:: Records supplied ::

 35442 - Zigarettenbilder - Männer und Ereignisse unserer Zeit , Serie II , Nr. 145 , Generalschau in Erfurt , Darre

:::
:: Records supplied ::

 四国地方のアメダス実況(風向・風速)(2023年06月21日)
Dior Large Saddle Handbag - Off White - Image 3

:::

■ Requirement
What you give back should be exactly the lines of the data above from the line with "四国地方のアメダス実況(風向・風速)(2023年06月21日)" through the line with "Dior Large Saddle", both of those included, and nothing more.

■ Your response
 四国地方のアメダス実況(風向・風速)(2023年06月21日)
Dior Large Saddle Handbag - Off White - Image 3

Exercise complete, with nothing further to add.